Another name for the physical unclonable function is a physical hash function. The idea of physical unclonable functions or PUFs is to digitize physical properties of an object and thus to obtain a bit sequence (number) that is associated with the object. In this case, it is desirable for the bit sequences of two different physical objects to be uncorrelated. A simple example for purposes of illustration is a sheet of paper. When viewed under a microscope, it is possible to see a special fine structure of wood chips or cellulose portions. The structure is measured using a suitable algorithm and the result is presented as a bit sequence. This bit sequence is the PUF. Another sheet of paper generally produces a bit sequence that is uncorrelated with the bit sequence of the first sheet of paper.
The process for producing a bit sequence (the actual PUF thereof) from the properties of the physical object is called PUF generation. It is a typical aim for the PUF generation to be efficient.
A desirable property of a PUF generation mechanism is that the same physical object produces the same bit sequence each time in the course of fresh PUF generation (that is to say in the course of a freshly made PUF request).
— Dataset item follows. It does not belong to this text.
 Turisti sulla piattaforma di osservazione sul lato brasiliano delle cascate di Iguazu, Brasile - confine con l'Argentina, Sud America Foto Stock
However, this is typically not the case. Repeated PUF generation for the same physical object provides bit sequences that, although very similar to one another, are generally not identical to one another. This discrepancy is typically compensated for by using methods from coding theory (error correction). In this case, the error correction is typically carried out by a piece of special hardware or by a processor that executes an appropriate software program. It is desirable for the error correction to be made as efficient as possible in terms of hardware complexity and/or computation complexity.